Using this Approach in Investor Conversations
Unsurprisingly, most investor conversations revolve around the upside of the business and the amount of equity they are getting in the business - Enterprise Value Creation and Step Up.
If you pay a higher multiple or have a slower growing industry, you might need to offer a higher step up - i.e. give up more equity. Vice versa, if you found a great deal, you might get away with a lower step up. In general, the Enterprise Value Creation factor is obviously very subjective, while the Step Up factor is guaranteed. So you need a good story for investors why they should give up equity.

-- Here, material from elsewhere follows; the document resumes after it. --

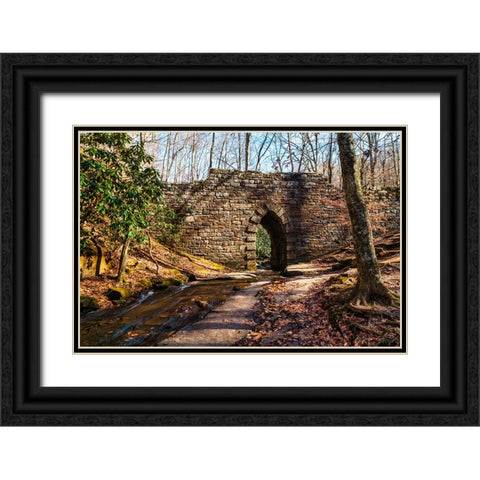 Poinsett Bridge 2 Black Ornate Wood Framed Art Print with Double Matting by Malone, Will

This approach also helps you solve any difference in opinion. Say you are much more bullish on being able to grow the business (Enterprise Value Creation) than the investors. You can offer a higher preferred rate of return to retain as much equity as possible while giving investors the MOIC they are looking for.
Caveats and Edge Cases
Over-equitized deals: With high current interest rates (10%+ SBA loans) and still high seller expectations, deals might need more equity to get done than the typical structure above. The Step-Up requirements make over-equitizing deals painful for searchers. If you need to raise an extra 10% of the purchase price in equity, you now have to give up 40% of the common instead of 20% to achieve the same step up and offer the same returns.
Adjusted Step Up for Value Buys and Over Payments: For deals that are significantly above or below market value, instead of having very high or low Enterprise Value Creations, the better way is to adjust the Step Up.

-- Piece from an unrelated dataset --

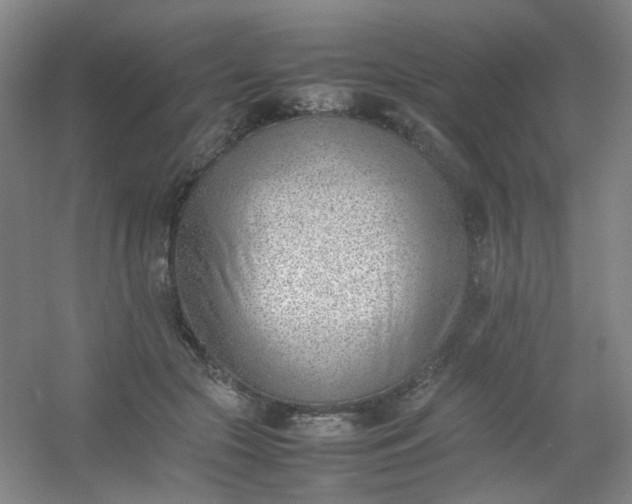 X0000054430553200508121821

For example, say a searcher has a business under LOI for $2mm that should really trade for $4mm, and the searcher is offering 15% common equity for 10% of the purchase price ($200k at a 1.5x step up). You’re really putting in $200k into a $4mm business (5% of purchase price) and getting 15% equity, so the adjusted Step Up is 3.0x and you would use the $4mm as the purchase price for the Enterprise Value Creation.
On the flip side, if a searcher has a business under LOI for $6mm and is offering 25% equity for $600k (10% of purchase price - 2.5x step up), but the business actual value is $3mm. You’re actually putting in 20% of the market value ($600k on $3mm) while getting 25% of the common equity, so your adjusted Step Up is 1.25x and you would use the $3mm as the purchase price for Enterprise Value Creation.

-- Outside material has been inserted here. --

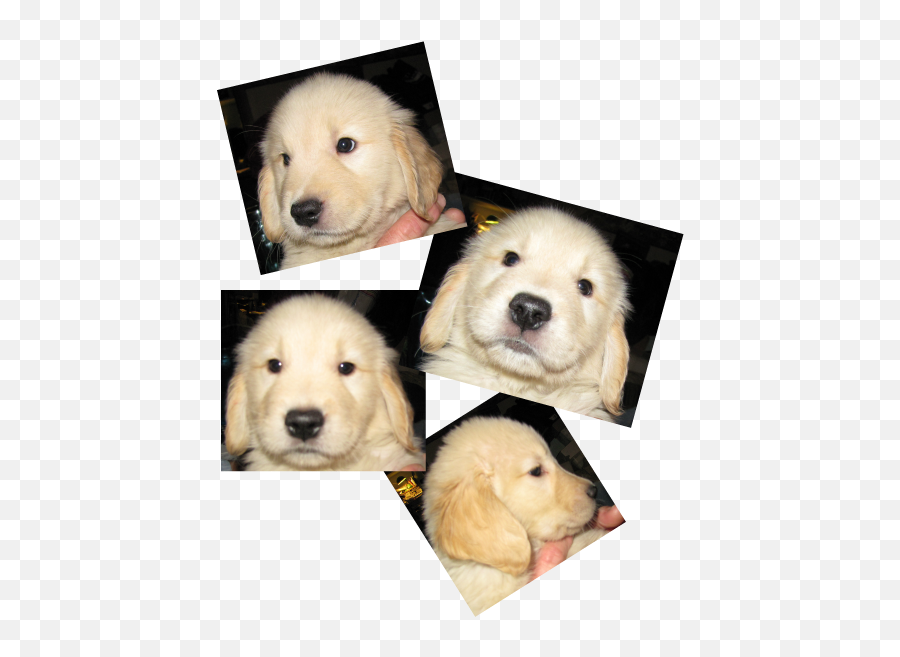 Evaluationsstacksfaces 7 Weeks - Northern Breed Group Emoji,Labrador Retriever Happy Birthday Emoticon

Limitations of the approach: There is a major simplifying assumption in the Enterprise Value Creation that the interim cash flows exactly repay the debt, the initial equity investment and the preferred returns. Obviously, that isn’t the case in reality. The winners will generated significantly more cash than that, the losers won’t get there. This is also a very meaningful effect for high multiple businesses >10x. However, for typical search fund deals it’s a helpful back-of-the envelope model.
Once you know the different components of investor returns, you can tailor your pitch to maximize your desired outcome. If you think you have a home run on your hands, offer more preferred return and try to maximize your equity. If you want to be more conservative, offer lower preferred returns but higher equity. If you think you’re paying below market, make sure to outline why that’s the case and that you should get more sweat equity for finding the deal.
1There is a significant simplifying assumption here that the cash the business generates over the hold period after taxes pays off the debt and repays the initial equity investment including the preferred return, but there is no additional cash generated. This holds roughly true for businesses bought at 4-5x EBITDA, but the numbers can differ significantly to the upside for very cheap businesses (<3x) and to the downside for expensive ones (>6x).